Finally, green takeaway cups are here

Green Your Cup

You’re on your way to work and you nip into the local coffee shop and a drink ‘to go’. Heading back out and into the swathe of people that are getting on with their daily commute you eventually finish your much needed morning brew and drop your now empty takeaway cup into the nearest bin and carry on. It’s a routine that millions of people like you have, and one that is repeated day after day, week after week.

But did you know that the cup you had and discarded most likely cannot be recycled?

It is estimated that 50 billion takeaway cups – enough to reach the moon and back a handful of times – end up on landfill sites in the United States alone, and now imagine what that number will be when waste from Australia and Great Britain and other coffee-mad nations are added. It’s a staggering amount.

The reason as to why these generally cardboard constructions aren’t recyclable is because of the the presence of an extremely thin, but vital, layer of plastic. The plastic is needed to ensure that the cups don’t become warped and porous when filled with liquid.

Recycling plants therefore need specialised equipment in order to separate the paper from the plastic, equipment that isn’t readily available – and so the cups head to landfill.

If you’re surprised about this fact, don’t worry as you are not alone: A couple of years ago a study by the consumer group Which? found that 8 in 10 people thought that these cups could be recycled.

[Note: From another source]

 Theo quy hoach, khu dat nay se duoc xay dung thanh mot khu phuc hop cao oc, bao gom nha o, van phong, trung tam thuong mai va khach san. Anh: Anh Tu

However one British businessman and inventor is hoping to reinvent the takeaway coffee cup.

Martin Myerscough has come up with an alternative that will make the recycling process easier and the cups greener.

“We went back a step,” he said, talking about his design process. Instead of building the cup around the plastic, the thin layer is added last.

This means that the film will be easily trapped by conventional filters and the paper and cardboard can carry on to be repurposed.

“[The drink] will taste the same, it will look the same, you can put your lips to it the same,” Myerscough noted, saying that the only difference between normal cups and his Green Your Cup is that one goes in with the general waste and the other goes in the recycling pile.

Unsurprisingly, environmental advocates have spoken up in praise of this invention, with a Rainforest Alliance spokesperson going on record to state that “Green Your Cup takes a single use waste product that too often ends up in landfill and turns it into a resource that can be recycled,” hailing it as a major breakthrough for the beverage industry.